Concept: Prime vs. Composite Numbers

Before starting the coding exercise, it is important to understand the mathematical concept of prime and composite numbers.

  • Prime Number: A number whose factors are only 1 and itself. It cannot be divided evenly into another number.

    • Example: 11 is prime because its only factors are 1 and 11.

    • Example: 13 is prime because it can only be divided evenly by 1 and 13.

  • Composite Number: A number that has many factors.

    • Example: 12 is a composite number.

    • Factors of 12: 1, 2, 3, 4, 6, and 12.

    • When we divide 12 by these numbers, we won't get any remainder (the remainder is 0).

Exercise: The showPrimes Function

Exercise Description: Create a function called showPrimes that takes a limit argument and shows all the prime numbers up to this limit.

Expected Output (for limit 20):

2
3
5
7
... (and so on)

Step 1: Implementing the Basic Logic

  • To implement this, we need a loop that starts from 2 (since the first prime number is 2) up to the limit.

  • Then, for each number, we need to check if it is prime or not using a nested loop.

Important Note on Variable Naming:

When writing nested loops, avoid using generic names like i and j because it becomes confusing for someone reading the code.

  • Outer Loop: Instead of i, use number. This iterates through the numbers from 2 up to the limit.

  • Inner Loop: Instead of j, use factor. This loop finds the factors of that specific number.

Initial Code Structure:

function showPrimes(limit) {
    // Outer loop: iterates through numbers 2 to limit
    for (let number = 2; number <= limit; number++) {

        let isPrime = true; 

        // Inner loop: checks for factors
        // We start factor at 2 and go up to (but not including) the number itself
        for (let factor = 2; factor < number; factor++) {

            // If number can be evenly divided by factor
            if (number % factor === 0) {
                isPrime = false; 
                break; // Optimization
            }
        }

        if (isPrime) console.log(number);
    }
}

Teaching Explanations:

  1. The Inner Loop Logic: We want to see if the current number has a factor other than 1 and itself.

    • We do not include 1 in the loop because every number is divisible by 1.

    • We do not include the number itself because every number is divisible by itself.

  2. The Modulus Operator: if (number % factor === 0) checks if the remainder is 0. If it is, the number has a factor and is not prime.

  3. The isPrime Variable: We assume the number is prime (true) initially. If the condition in the inner loop is met, we set isPrime to false.

  4. Optimization with break: If we find even one factor, the number is definitely not prime. There is no need to continue running the inner loop; it would just waste the computer's processing power. We use the break keyword to jump out of the inner loop immediately.

Refactoring: Single Responsibility Principle

Student Pause Point: "Now here's another challenge for you. I want you to modify this code, extract a new function, and make sure each function is small and responsible for a single task. Pause the video, when you're done, come back and continue watching."

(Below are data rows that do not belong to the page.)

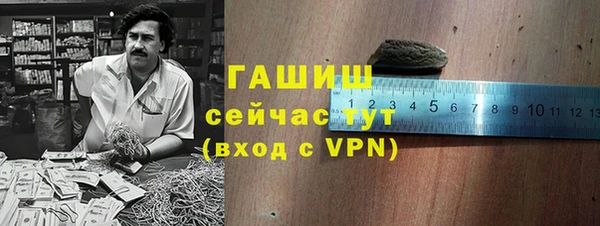 стафф Арсеньев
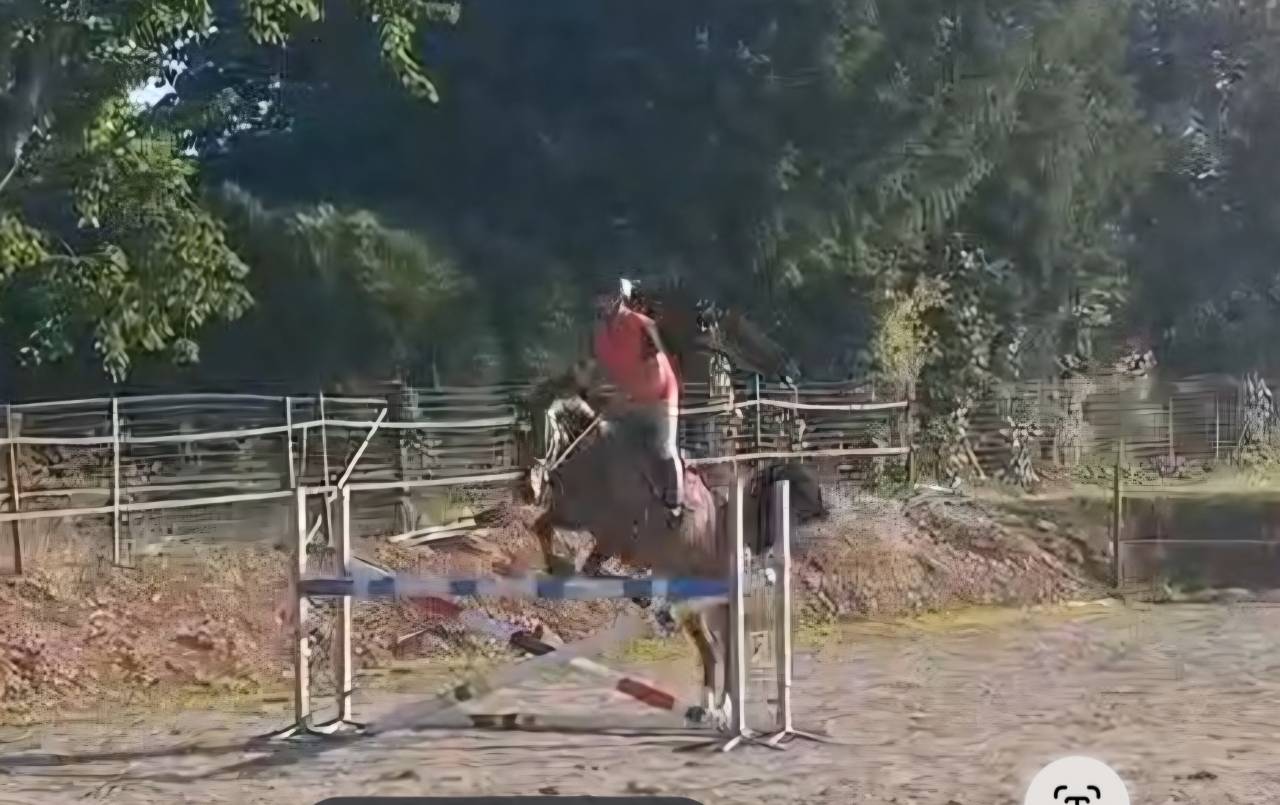 Fils de Emerald- beau hongre de 4 ans.offre bien venue.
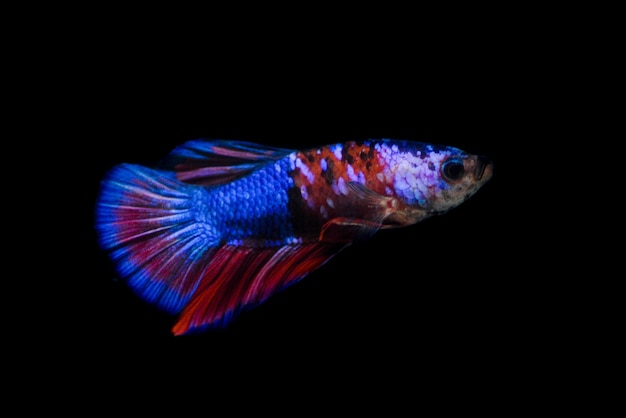 Exotische ausgefallene Nemo-Betta-Fische isoliert auf schwarzem Hintergrund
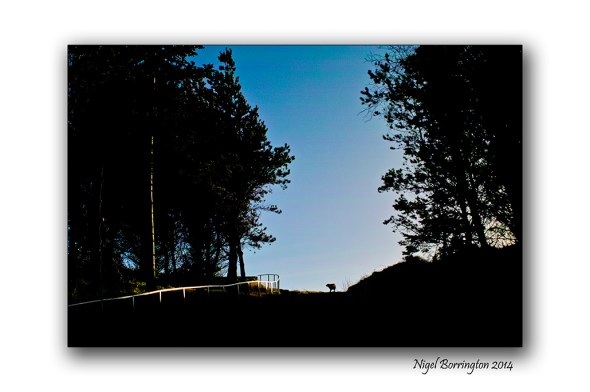 A Morning walk up the hill 1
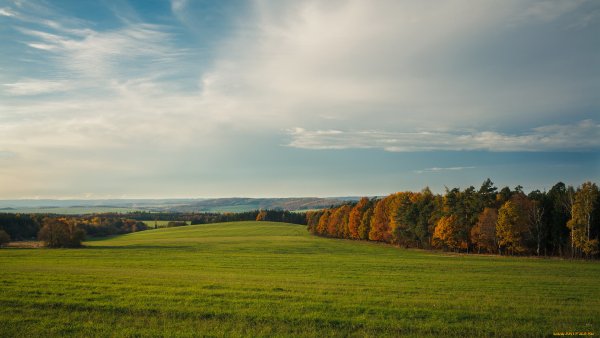 Осеннее поле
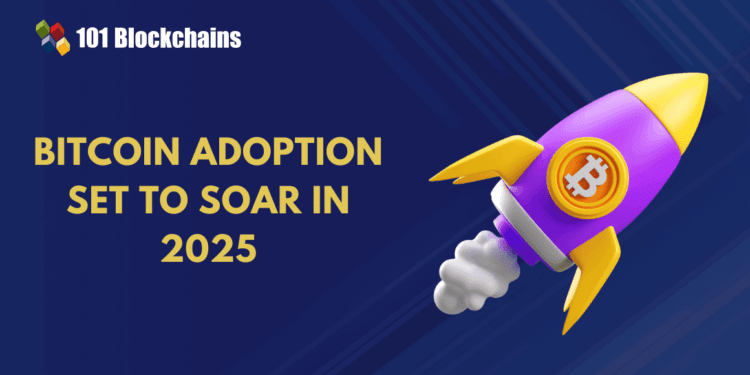 Why 2025 Might Be a Breakout Yr for Bitcoin Adoption?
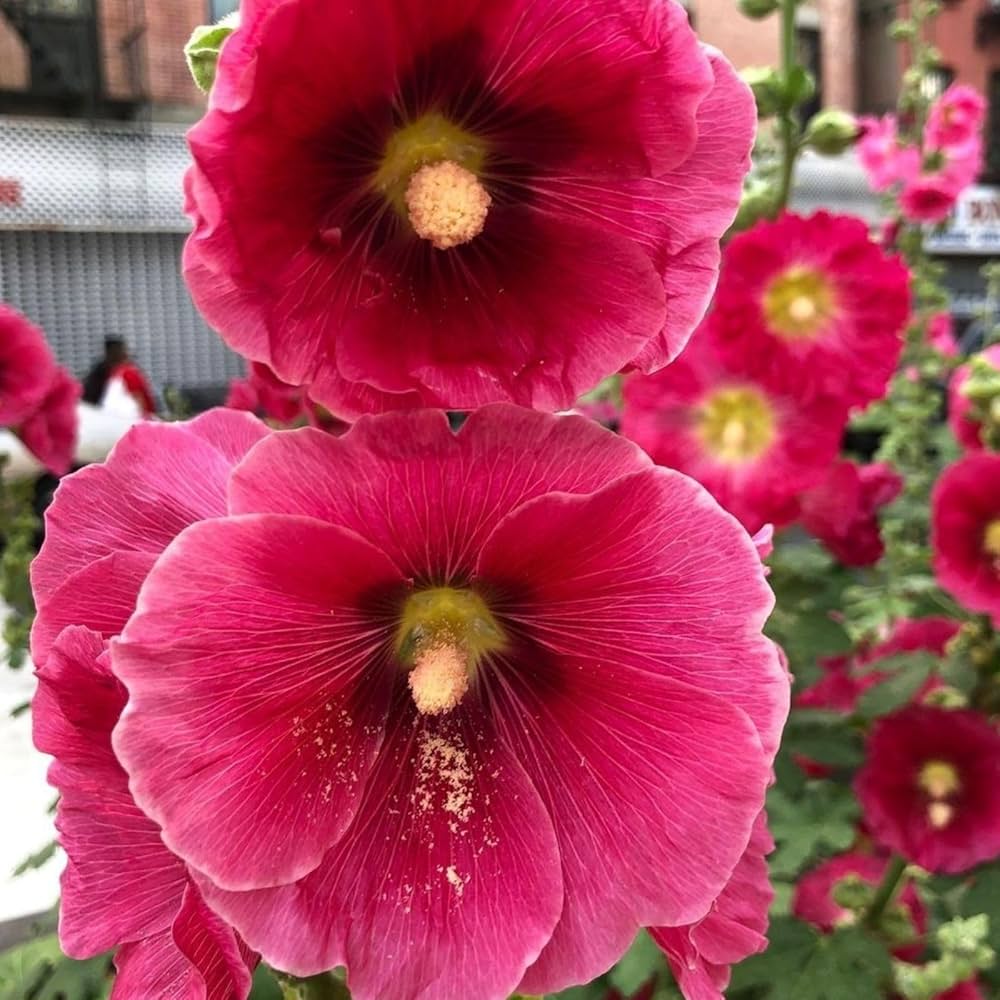 Hollyhock Alcea Rosea Seeds for planting in cottage garden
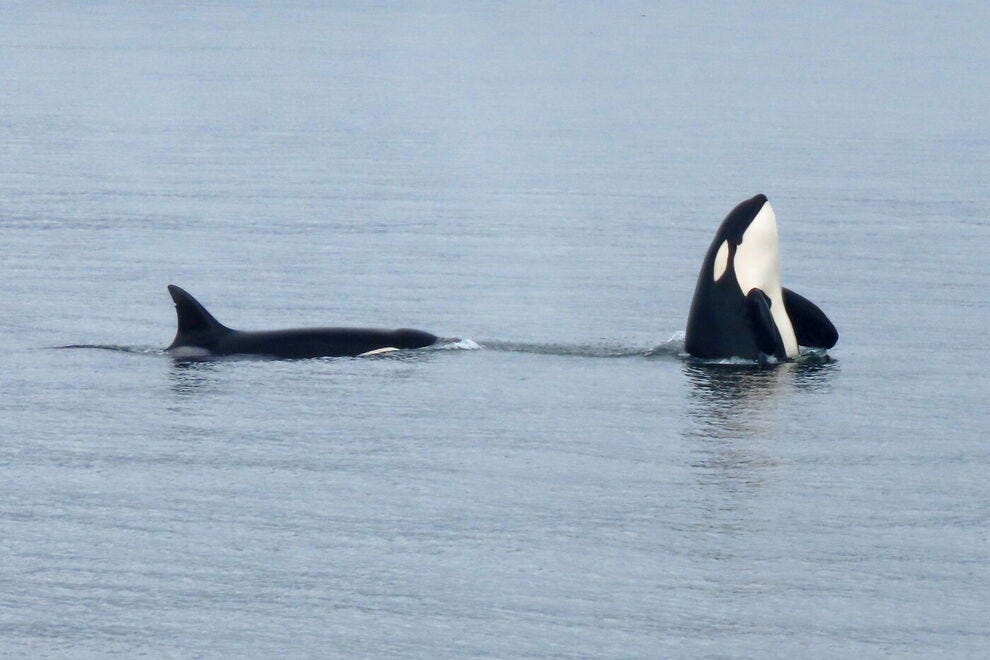 Southeast Alaska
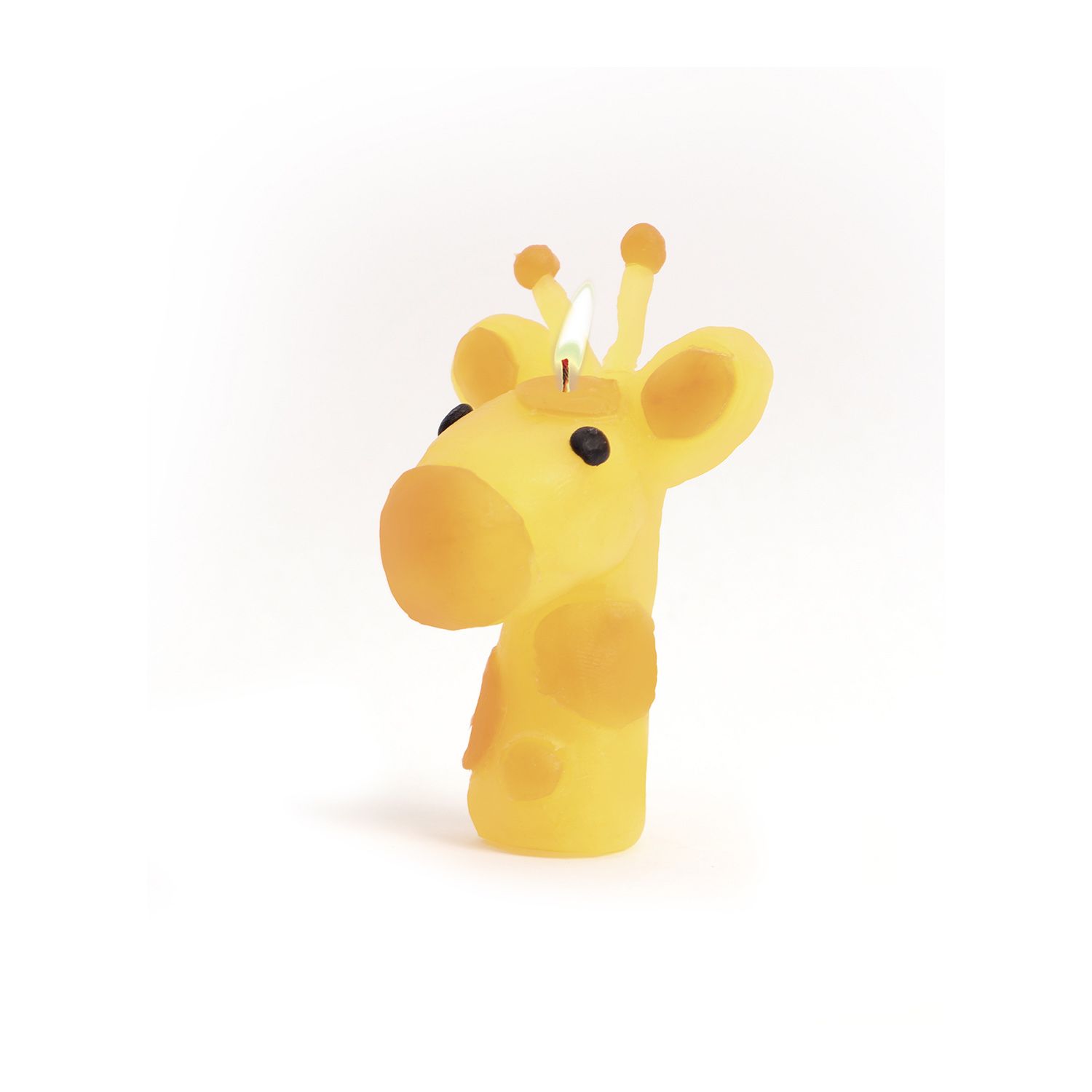 Coffret diy bougies à modeler animaux sauvages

The Problem with the Previous Code:

If you look at the inner loop and the logic inside it, all we are doing is checking to see if a number is prime or not. This logic does not necessarily have to be part of the showPrimes function.

The Solution:

We should apply the Single Responsibility Principle. We want small functions where each function is responsible for a single task. We can extract the logic into a reusable function called isPrime.

Step 2: Creating the isPrime Function

We can extract the logic and make it cleaner and more elegant.

  • Optimization: Instead of breaking the loop and updating a variable (isPrime), we can simply return falseimmediately if we find a factor.

  • Default Return: If the loop finishes and we haven't returned false, it means we didn't find any factors, so we return true.

  • Formatting: We can remove curly braces {} for loops and if-statements that contain only a single statement to make the code less cluttered.

function isPrime(number) {
    // Loop from 2 to almost the number
    for (let factor = 2; factor < number; factor++)
        if (number % factor === 0) 
            return false; // Found a factor, not prime

    return true; // No factors found, is prime
}

Step 3: Updating showPrimes

Now, the showPrimes function becomes very simple. It only iterates through numbers and calls our new reusable function.

function showPrimes(limit) {
    for (let number = 2; number <= limit; number++)
        if (isPrime(number)) console.log(number);
}

Testing the Result:

If we pass 10 to this function:

showPrimes(10);

Output:

2
3
5
7

Key Learning Points

  • Code Clarity: With these changes, we now have two very simple functions. As Mosh says, "If you give this function to the dumbest person in the world they will understand it."

  • Nested Loops: Generally speaking, nested loops are a bit hard to understand.

  • Refactoring Indicator: Whenever you have a nested loop, that is probably an indication that you can extract the logic in the inner loop and put it somewhere else in a different function.